Balaji Srinivasan, former CTO of Coinbase, grabbed a lot of attention last week with his bet that Bitcoin will reach $1 million within the next 90 days, and also received a lot of criticism for his “unrealistic” prediction. Saifedean Ammous, one of the biggest Bitcoin bulls and author of the most successful book on the leading cryptocurrency, “The Bitcoin Standard,” has now shared his opinion as well.
Why Hyperinflation Is Unlikely In The US
Srinivasan’s bet was in response to financial expert James Medlock, who placed a $1 million bet that the United States would not enter hyperinflation despite the recent collapse of banks in the country.
In a Twitter thread on March 17, Balaji stated that the current banking situation is similar to the 2008 financial crisis, but this time central bankers, banks and regulators lied to everyone. According to Srinivasan, banks saw the crash coming but were given permission by regulators to hide their literal insolvency. Hyperinflation is therefore inevitable, he concludes.
According to Saifedean Ammous, however, the realities make this unlikely. “I feel dirty sounding bearish on Bitcoin, but I do not think Bitcoin will hit $1 million in 90 days & and I do not think the dollar can possibly hyperinflate this quickly,” the author wrote today.
The reason, according to the proponent of the Austrian school of economics, is that a banking crisis is deflationary, even if Srinivasan is right about the extent of the banking crisis. If one bank goes bankrupt, the money supply is reduced. If all banks go bankrupt, then much of the money supply is destroyed, which would make hyperinflation less likely.
In addition, Ammous argues that while central banks will respond by printing money, which can lead to price inflation, a hyperinflation is highly unlikely in such a short period of time.
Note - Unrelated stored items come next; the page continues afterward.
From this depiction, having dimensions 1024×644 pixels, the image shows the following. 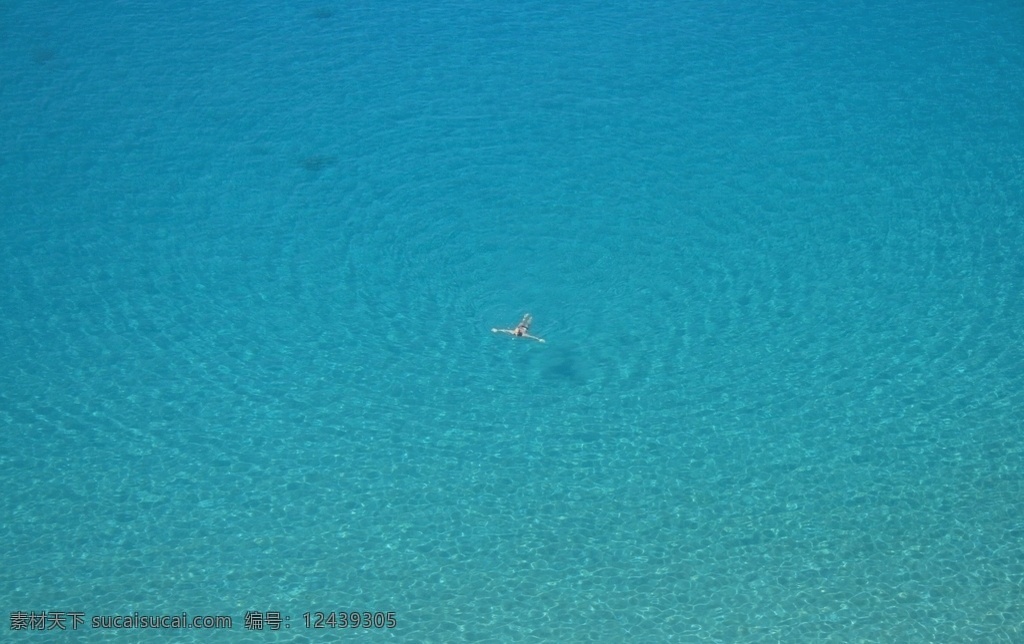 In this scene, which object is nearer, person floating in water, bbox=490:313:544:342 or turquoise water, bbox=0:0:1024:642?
turquoise water, bbox=0:0:1024:642

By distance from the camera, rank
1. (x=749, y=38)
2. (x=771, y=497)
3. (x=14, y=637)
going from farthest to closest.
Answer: (x=749, y=38), (x=771, y=497), (x=14, y=637)

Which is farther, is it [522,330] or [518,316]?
[518,316]

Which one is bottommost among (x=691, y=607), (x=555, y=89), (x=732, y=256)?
(x=691, y=607)

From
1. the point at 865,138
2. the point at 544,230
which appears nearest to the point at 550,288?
the point at 544,230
Even if the U.S. central bank were to bail out every single bank depositor, it would only keep the money supply constant, the economist explained and said:
Yes, they will likely print more than that to finance increased spending for political purposes, but you’d need an impossibly large amount of printing to bring about hyperinflation in 3 months & history provides plenty of evidence in support of that.
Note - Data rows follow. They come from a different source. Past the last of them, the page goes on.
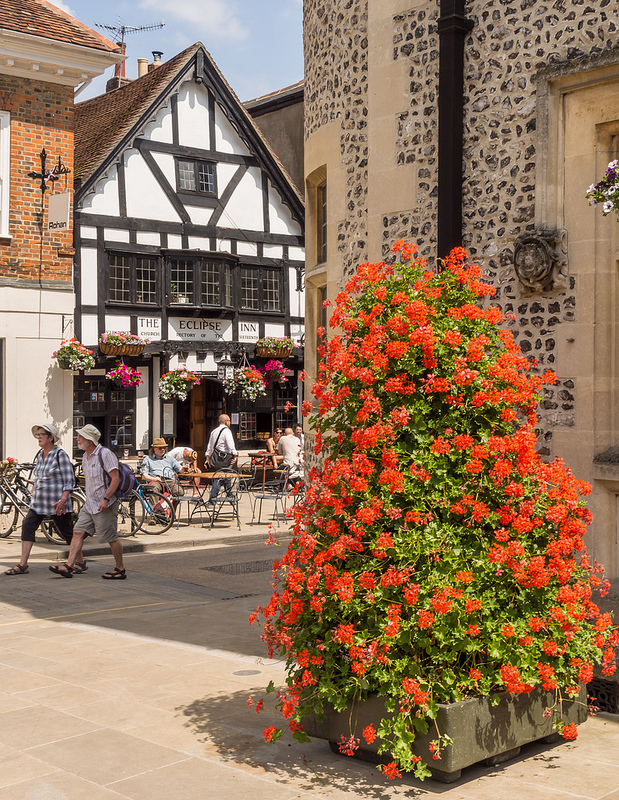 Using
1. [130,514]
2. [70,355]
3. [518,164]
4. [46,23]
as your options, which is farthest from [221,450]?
[518,164]

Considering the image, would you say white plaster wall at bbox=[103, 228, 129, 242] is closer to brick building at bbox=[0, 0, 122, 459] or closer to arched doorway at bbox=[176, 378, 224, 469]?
brick building at bbox=[0, 0, 122, 459]

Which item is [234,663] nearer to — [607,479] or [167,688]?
[167,688]

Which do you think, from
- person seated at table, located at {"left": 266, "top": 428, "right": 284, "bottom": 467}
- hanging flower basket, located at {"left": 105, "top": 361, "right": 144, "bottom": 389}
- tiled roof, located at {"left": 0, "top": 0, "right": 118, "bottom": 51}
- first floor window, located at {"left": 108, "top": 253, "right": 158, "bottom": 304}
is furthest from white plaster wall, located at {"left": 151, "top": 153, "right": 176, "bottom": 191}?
person seated at table, located at {"left": 266, "top": 428, "right": 284, "bottom": 467}

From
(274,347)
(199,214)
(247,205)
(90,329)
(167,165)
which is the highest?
(167,165)

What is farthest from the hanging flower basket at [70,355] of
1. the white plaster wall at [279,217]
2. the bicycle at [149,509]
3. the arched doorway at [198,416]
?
the white plaster wall at [279,217]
Bitcoin Will Slowly Rise, As Will Inflation
Ammous also refutes Srinivasan’s examples of hyperinflation, which purport to show that inflation can accelerate rapidity in just 90 days. According to the economist, all hyperinflations came at the end of a prolonged period of inflation.
“Even in highly dysfunctional countries with decrepit monetary & financial institutions & no global reserve currency, it takes many months and maybe even years to arrive at the point where the value of a currency drops by half in a day, which is the sort of hyperinflation needed to get to $1m / Bitcoin in 3 months,” the author said.
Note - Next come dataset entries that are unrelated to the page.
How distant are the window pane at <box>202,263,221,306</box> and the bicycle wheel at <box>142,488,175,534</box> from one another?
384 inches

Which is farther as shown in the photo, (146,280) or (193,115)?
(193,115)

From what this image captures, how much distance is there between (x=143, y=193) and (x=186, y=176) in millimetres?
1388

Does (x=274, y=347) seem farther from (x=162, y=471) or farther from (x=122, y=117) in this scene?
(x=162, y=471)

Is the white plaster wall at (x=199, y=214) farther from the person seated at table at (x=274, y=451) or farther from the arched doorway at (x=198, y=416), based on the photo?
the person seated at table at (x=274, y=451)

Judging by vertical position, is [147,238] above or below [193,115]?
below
Likewise, Ammous calls the example of Lebanon inapplicable, as the Lebanese lira devalued overnight after years of slowly rising inflation, “and that is what gives his chart such a huge sudden spike.”
Even in a country which was massively corrupt and indebted, did not have the global reserve currency, and printed money on a scale “hard to imagine” in the United States, it took years. According to Ammous, hyperinflation in the US in three months is therefore as good as impossible, and with it a Bitcoin price of $1 million.
At press time, the Bitcoin price was at $28,073; traders seemed to be cautious in light of the U.S. Federal Reserve’s interest rate decision coming up today and the new projections (dot plot).